Yakido
- Other names: Ygido; Hachikido;
- Country of origin: Japan
- Use: cock-fighting

Traits
- Weight: Male: 2.1–2.6 kg; Female: 1.7–2.1 kg;
- Skin colour: red
- Egg colour: cream to brown
- Comb type: triple

Classification
- APA: no
- EE: yes
- PCGB: Asian hard feather

= Yakido =

Japanese breed of fighting cock

The Yakido (八木戸鶏) is a Japanese breed of fighting chicken. It belongs to the Shamo group of breeds. It was bred in the Kansai region in southern Honshu in the mid-nineteenth century. It was made a Natural Monument of Japan in 1950.

== History ==

The Yakido derives from the Shamo group of fighting chicken breeds, which are thought to descend from birds of Malay type brought from Thailand in the early part of the seventeenth century, during the Edo period. The Yakido was bred in Mie Prefecture, in Kansai region in southern Honshu, in the mid-nineteenth century, in the late Edo period. It was made a Natural Monument of Japan under law 214 of 30 May 1950.

== Characteristics ==

The Yakido is a small bird of gamecock type. It is muscular and strong, and stands very upright. It has hard, close feathers, and holds its wings close to the body. It is found in only one colour, black. The beak and legs are yellow, sometimes with black markings. The comb is triple.

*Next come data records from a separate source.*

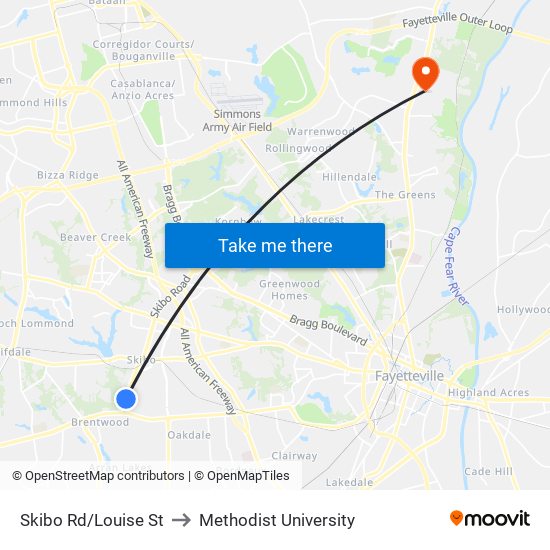 Skibo Rd/Louise St to Methodist University map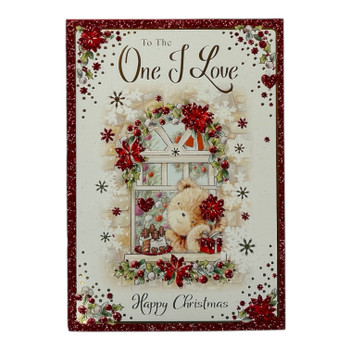 To The One I Love Bear At Window Design Christmas Card To The One I Love Bear At Window Design Christmas Card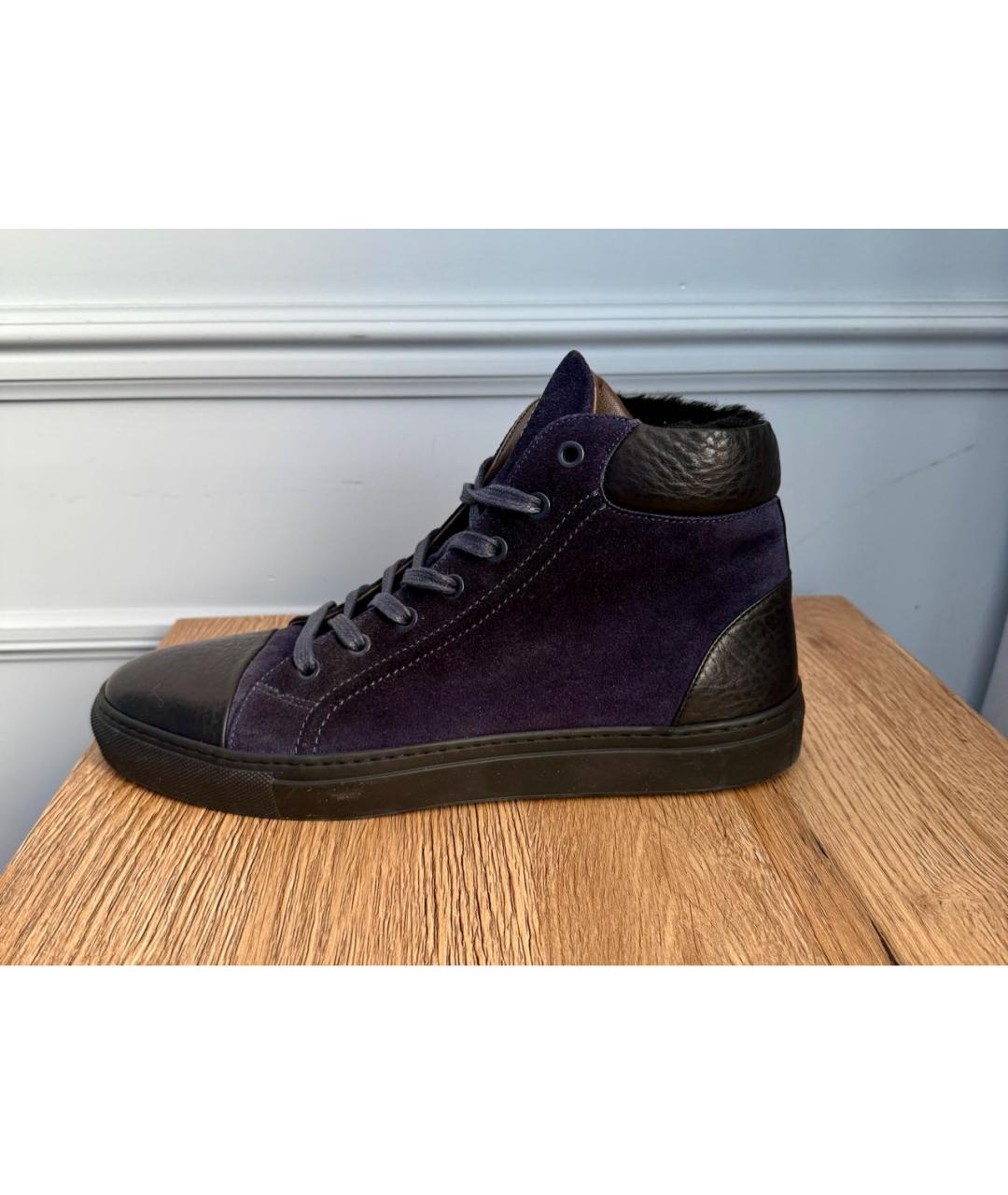 BRIONI Темно-синие кожаные низкие ботинки, фото 8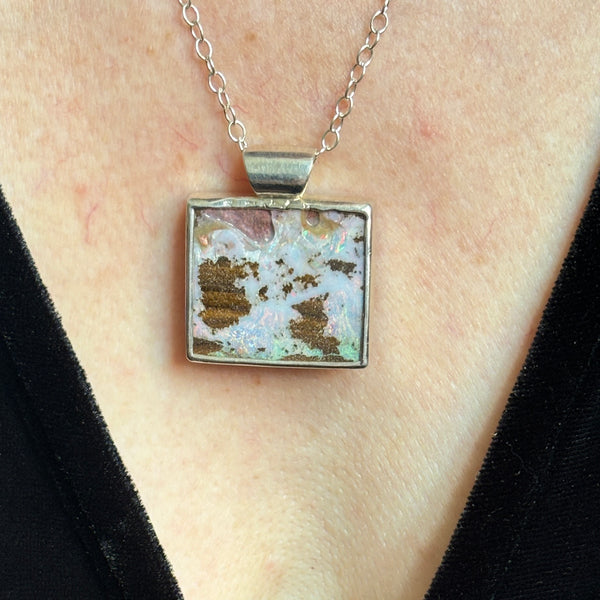Pink Pools and Blue Opal Pendant Necklace - Sheila Marie Opals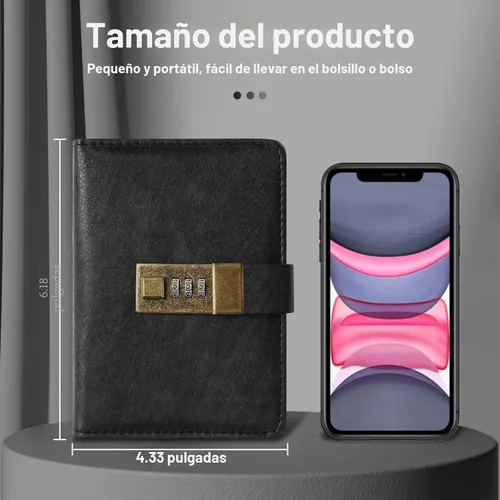 Vista 3 de WEMATE Diario con Cerradura, Diario con Cerradura, Cuaderno de Contraseña, Bolígrafo y Caja de Regalo - Perfecto para Hombres y Mujeres - 4.3X Negro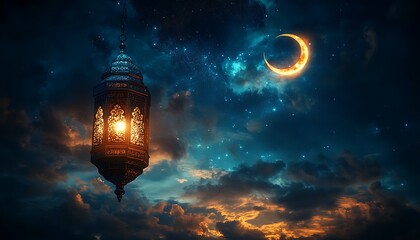 Obraz premium Ornamental beautiful Arabic lantern glowing at night.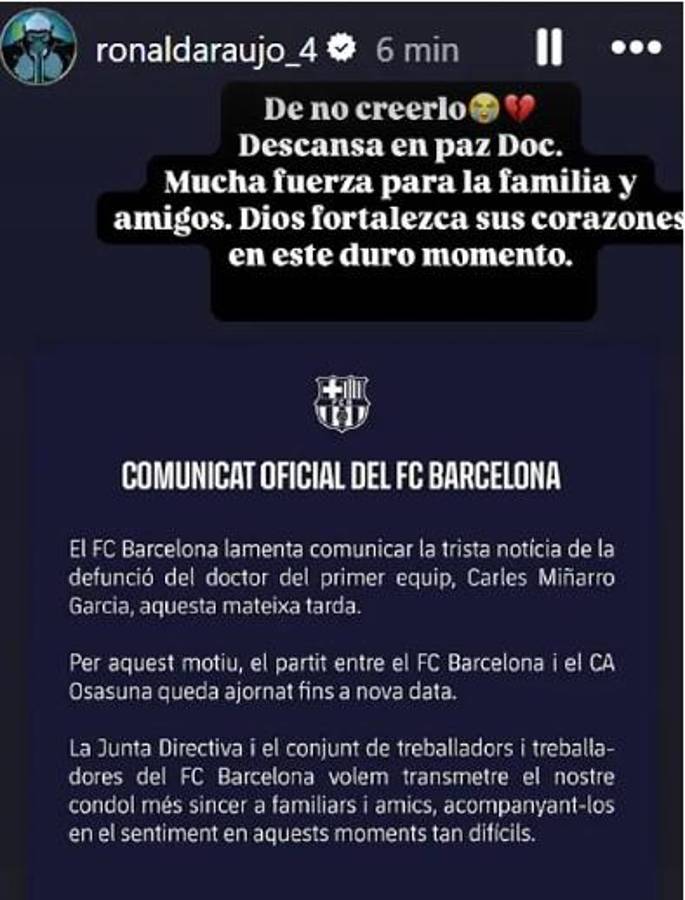 Jugadores del Barcelona, destrozados por la muerte del doctor Carles Miñarro: “aún no me lo creo”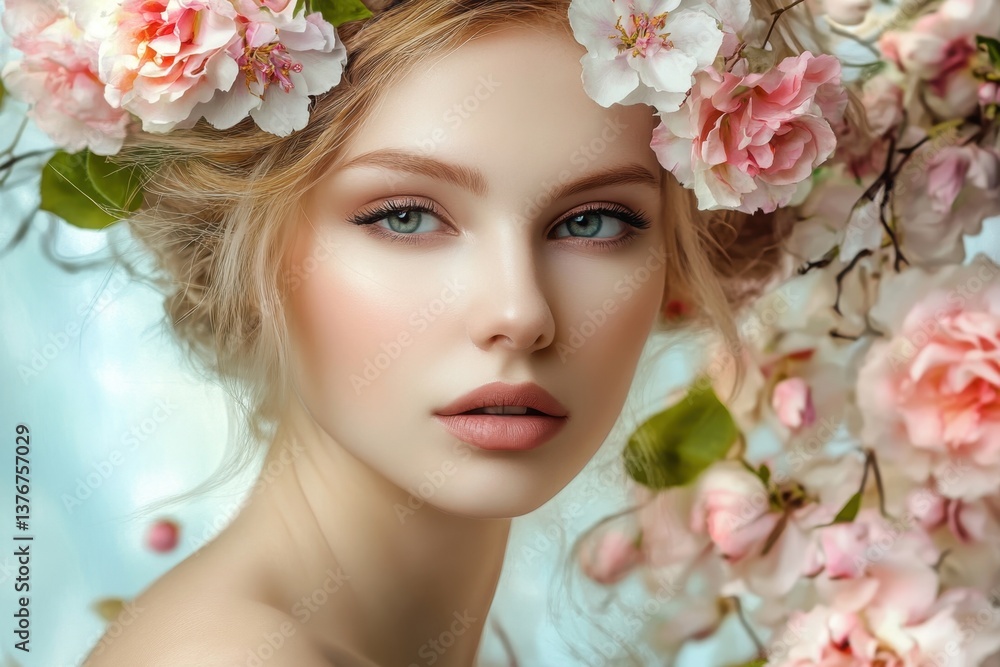 Young woman surrounded by pink flowers with a serene expression in a tranquil setting Young woman surrounded by pink flowers with a serene expression in a tranquil setting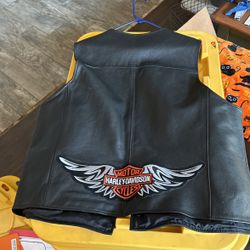 Three X genuine, leather Harley Davison vest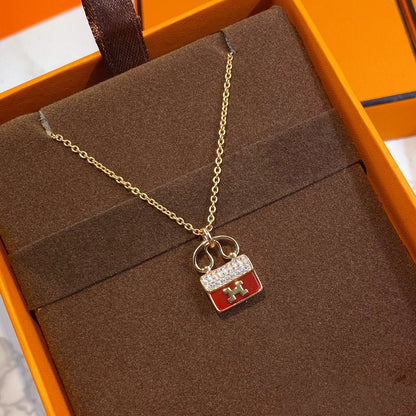 [AuraEcho]CONSTANCE RED PEDANT PINK GOLD NECKLACE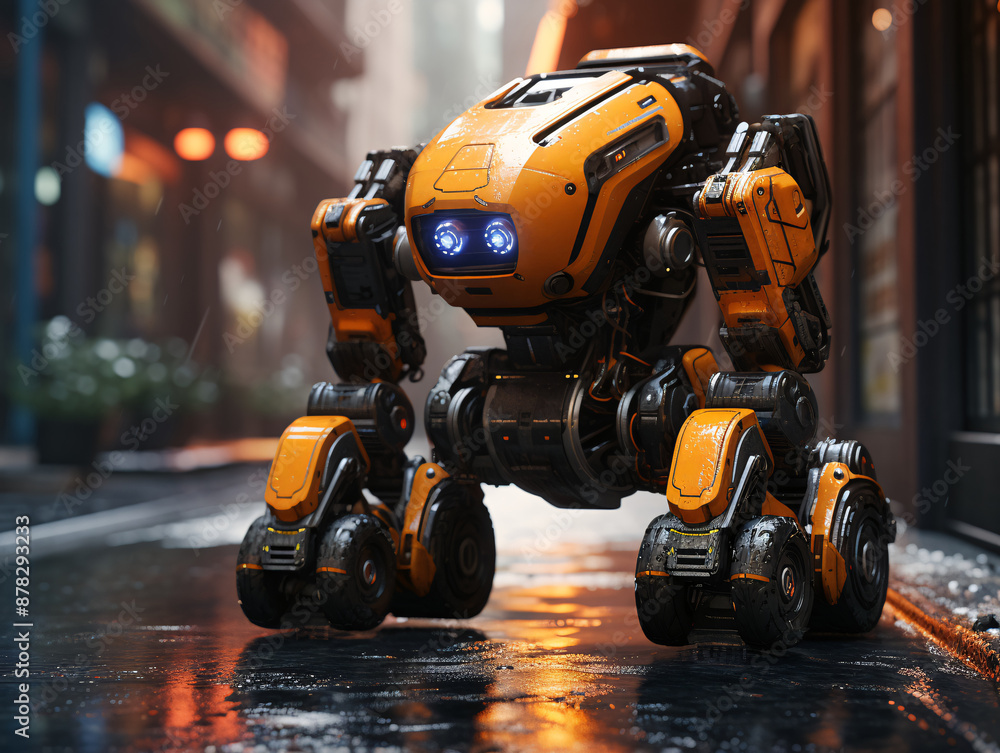 A sleek humanoid robot stands amidst a bustling city street, its metallic form reflecting the vibrant urban landscape. A sleek humanoid robot stands amidst a bustling city street, its metallic form reflecting the vibrant urban landscape.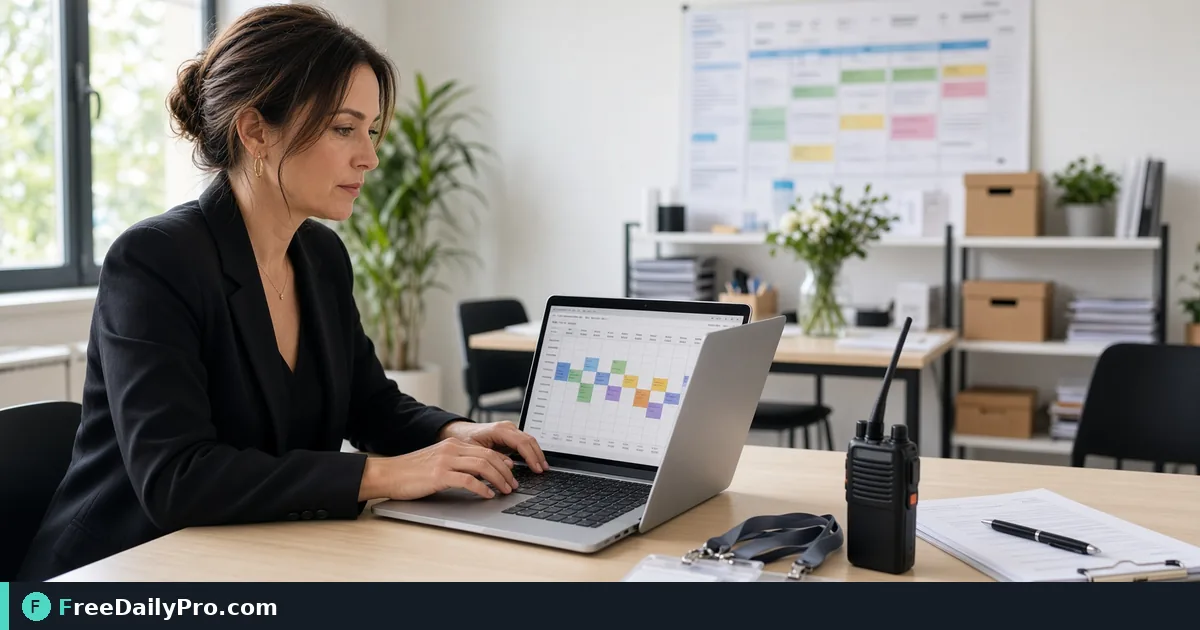 Person using Event Day Schedule on a laptop for a real event ops task
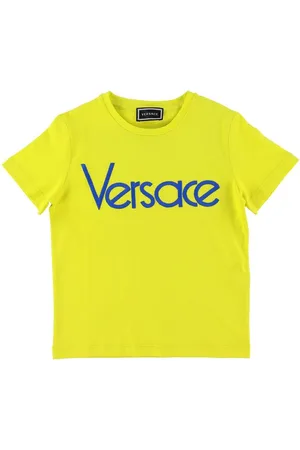VERSACE T-shirt - NeongrÃ¸n/BlÃ¥ m. Logo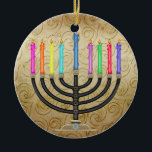 Ornamento De Cerâmica Chanukah Menorah<br><div class="desc">Divirta-se com isso. Pense em temas! Jogue com cores de fundo, adicione ou exclua texto e (por um pouco de taxa extra) personalize o verso com imagens, cores, logotipo / informações comerciais, etc.! Estas também são excelentes para presentes ou para usar como toque final da aula no seu invólucro de...</div>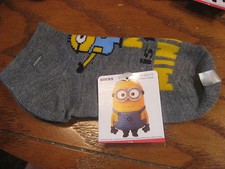 Despicable Me Kids Socks- M is for Minion fits sizes 7- 9 Gray
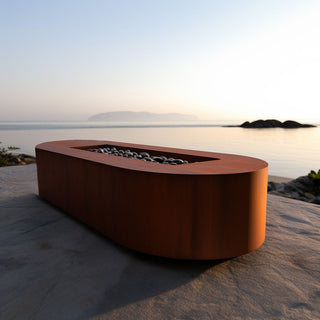 Bispo Rectangle Round Ended Fire Table - Corten Steel - Modofire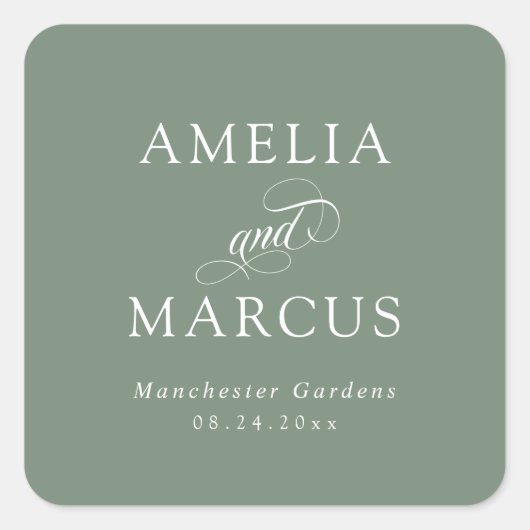 セージグリーンヴィンテージ結婚書道 スクエアシール (正面)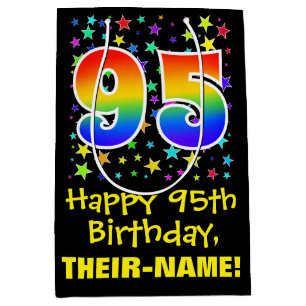 Sac Cadeau Moyen 95e anniversaire : Colorful Stars Motif & Rainbow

The Yakido is intermediate in weight between standard-sized and bantam chickens. In the United Kingdom, but not in Germany, it is considered a bantam.

== Use ==

The Yakido was created as a sparring-partner for larger fighting-cocks. Hens lay about 80 cream-coloured or brown eggs per year; egg weight is about 50 g. This breed is used in creating Kumano Jidori(F3 hybrid used for meat production) as one of great-grandfathers.